** LISTED RECORDS follows **

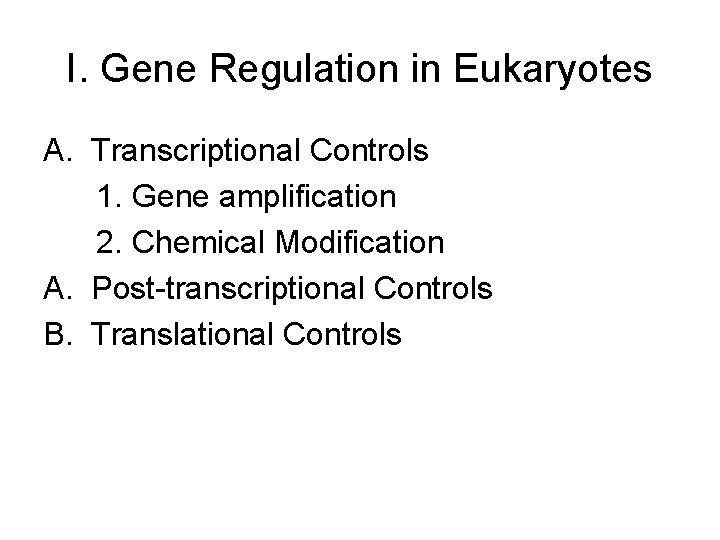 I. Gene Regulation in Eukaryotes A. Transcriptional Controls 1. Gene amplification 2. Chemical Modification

** End of LISTED RECORDS **
** LISTED RECORDS follows **

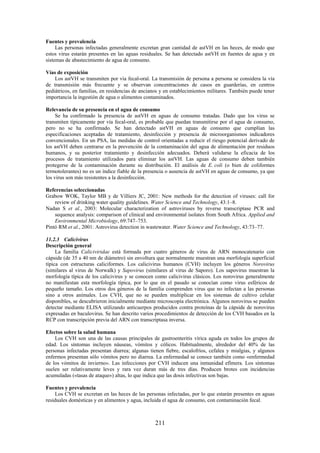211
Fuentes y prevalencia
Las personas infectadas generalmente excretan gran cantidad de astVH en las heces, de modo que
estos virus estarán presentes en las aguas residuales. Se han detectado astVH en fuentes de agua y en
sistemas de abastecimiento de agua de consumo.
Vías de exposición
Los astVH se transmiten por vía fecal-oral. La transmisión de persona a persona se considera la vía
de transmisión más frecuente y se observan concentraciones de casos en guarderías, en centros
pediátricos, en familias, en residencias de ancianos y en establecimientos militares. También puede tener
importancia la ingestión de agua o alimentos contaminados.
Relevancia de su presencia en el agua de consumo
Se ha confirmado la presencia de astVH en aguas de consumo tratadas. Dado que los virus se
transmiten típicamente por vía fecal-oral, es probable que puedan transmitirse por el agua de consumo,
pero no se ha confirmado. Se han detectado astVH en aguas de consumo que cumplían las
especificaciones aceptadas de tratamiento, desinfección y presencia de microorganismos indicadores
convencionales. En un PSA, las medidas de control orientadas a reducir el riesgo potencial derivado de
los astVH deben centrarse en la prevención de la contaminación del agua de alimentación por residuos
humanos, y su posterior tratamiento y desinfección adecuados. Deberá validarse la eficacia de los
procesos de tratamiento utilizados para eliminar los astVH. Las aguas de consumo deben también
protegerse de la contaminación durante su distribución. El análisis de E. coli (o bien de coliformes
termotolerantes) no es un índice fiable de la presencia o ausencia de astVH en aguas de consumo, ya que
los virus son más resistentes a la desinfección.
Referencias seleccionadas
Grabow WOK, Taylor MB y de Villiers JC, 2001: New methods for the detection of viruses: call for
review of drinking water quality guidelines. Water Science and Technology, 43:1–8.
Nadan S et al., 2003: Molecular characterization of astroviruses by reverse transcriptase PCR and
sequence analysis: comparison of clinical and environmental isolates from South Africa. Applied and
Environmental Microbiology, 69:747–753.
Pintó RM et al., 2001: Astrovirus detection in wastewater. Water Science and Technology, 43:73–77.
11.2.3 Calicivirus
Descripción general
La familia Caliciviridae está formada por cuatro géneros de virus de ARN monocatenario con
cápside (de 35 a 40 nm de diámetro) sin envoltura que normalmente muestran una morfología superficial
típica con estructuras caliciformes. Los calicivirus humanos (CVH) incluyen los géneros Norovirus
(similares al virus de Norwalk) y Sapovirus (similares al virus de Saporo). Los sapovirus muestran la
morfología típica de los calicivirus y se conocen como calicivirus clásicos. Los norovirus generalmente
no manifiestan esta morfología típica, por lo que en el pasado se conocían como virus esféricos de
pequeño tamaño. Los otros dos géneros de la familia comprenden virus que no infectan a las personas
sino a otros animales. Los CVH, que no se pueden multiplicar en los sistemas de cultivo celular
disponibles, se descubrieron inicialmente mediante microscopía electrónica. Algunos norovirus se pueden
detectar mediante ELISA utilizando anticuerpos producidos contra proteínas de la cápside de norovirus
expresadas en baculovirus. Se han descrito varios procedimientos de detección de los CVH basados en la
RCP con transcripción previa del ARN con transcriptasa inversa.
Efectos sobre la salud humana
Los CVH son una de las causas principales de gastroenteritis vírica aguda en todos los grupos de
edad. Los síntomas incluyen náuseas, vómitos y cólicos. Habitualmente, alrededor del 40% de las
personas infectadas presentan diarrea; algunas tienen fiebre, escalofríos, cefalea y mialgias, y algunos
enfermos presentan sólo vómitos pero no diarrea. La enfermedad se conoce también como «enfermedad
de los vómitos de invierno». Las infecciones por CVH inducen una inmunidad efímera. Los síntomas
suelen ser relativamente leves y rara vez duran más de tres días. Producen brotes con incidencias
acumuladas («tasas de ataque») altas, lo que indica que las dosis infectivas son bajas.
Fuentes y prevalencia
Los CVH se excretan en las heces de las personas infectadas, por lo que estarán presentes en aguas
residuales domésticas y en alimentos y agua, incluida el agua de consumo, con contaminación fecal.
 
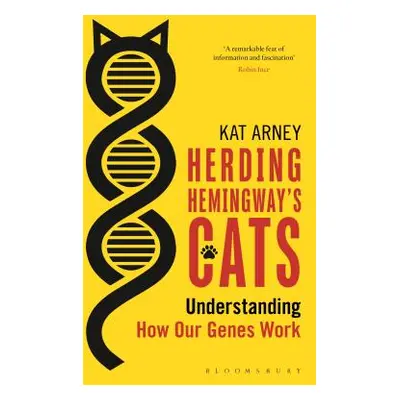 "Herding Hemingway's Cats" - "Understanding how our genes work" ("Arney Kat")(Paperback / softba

** End of LISTED RECORDS **

ASSIGNED TASK » Which lines above run from the one containing "termotolerantes) no es" to the one containing "típica con estructuras"? Give them again exactly, both ends included.

PROBLEM SOLUTION »
termotolerantes) no es un índice fiable de la presencia o ausencia de astVH en aguas de consumo, ya que
los virus son más resistentes a la desinfección.
Referencias seleccionadas
Grabow WOK, Taylor MB y de Villiers JC, 2001: New methods for the detection of viruses: call for
review of drinking water quality guidelines. Water Science and Technology, 43:1–8.
Nadan S et al., 2003: Molecular characterization of astroviruses by reverse transcriptase PCR and
sequence analysis: comparison of clinical and environmental isolates from South Africa. Applied and
Environmental Microbiology, 69:747–753.
Pintó RM et al., 2001: Astrovirus detection in wastewater. Water Science and Technology, 43:73–77.
11.2.3 Calicivirus
Descripción general
La familia Caliciviridae está formada por cuatro géneros de virus de ARN monocatenario con
cápside (de 35 a 40 nm de diámetro) sin envoltura que normalmente muestran una morfología superficial
típica con estructuras caliciformes. Los calicivirus humanos (CVH) incluyen los géneros Norovirus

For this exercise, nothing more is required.